**RECORDED DATA**
::::

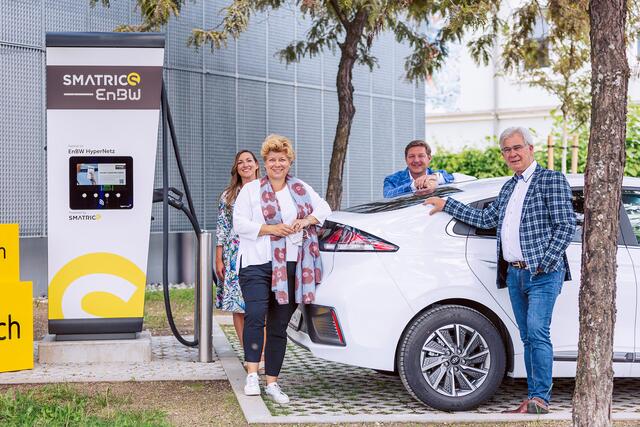 In der Nikolaigasse in Villach wurde bereits die zweite ESchnellladestation mit einer Ladeleistung von bis zu 300 kW in Betrieb genommen.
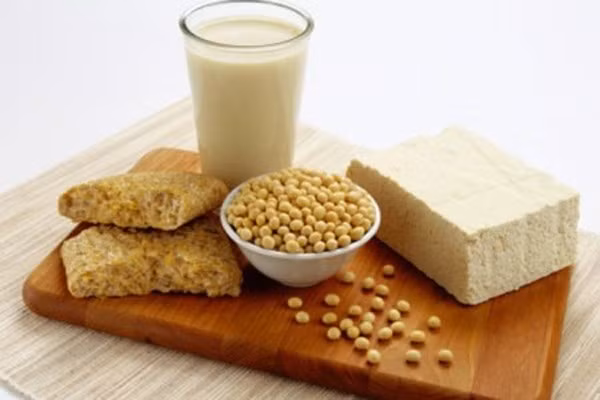 Sữa đậu nành chứa nhiều protein, hàm lượng lysine cao hơn ngũ cốc, có thể bổ sung lượng lysine còn thiếu trong gạo và bột mì. Chất béo trong sữa đậu nành còn rất phong phú, hơn nữa còn chứa nhiều axit béo cần thiết, thích hợp cho quá trình phát triển của trẻ.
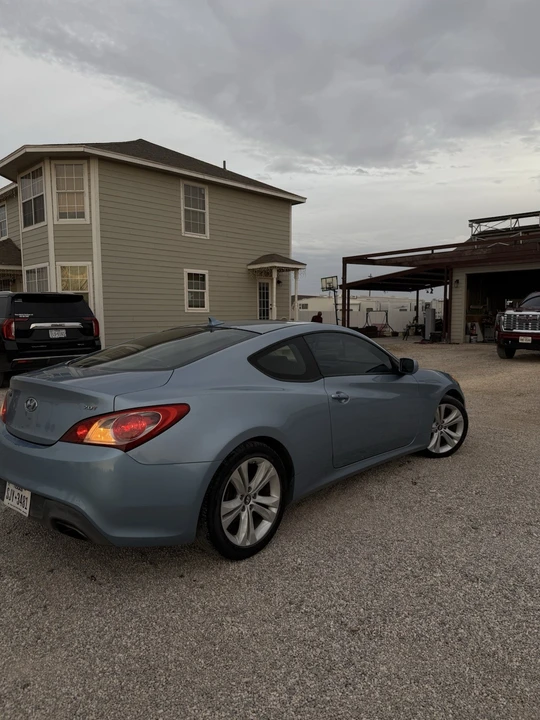 2012 Hyundai Genesis - Image 4 of 11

::::

Take the line containing "Sữa đậu nành chứa" and all lines after it to the end of the data above, and reproduce them exactly, leaving out pictures. Nothing else belongs in the copy.

 Sữa đậu nành chứa nhiều protein, hàm lượng lysine cao hơn ngũ cốc, có thể bổ sung lượng lysine còn thiếu trong gạo và bột mì. Chất béo trong sữa đậu nành còn rất phong phú, hơn nữa còn chứa nhiều axit béo cần thiết, thích hợp cho quá trình phát triển của trẻ.
 2012 Hyundai Genesis - Image 4 of 11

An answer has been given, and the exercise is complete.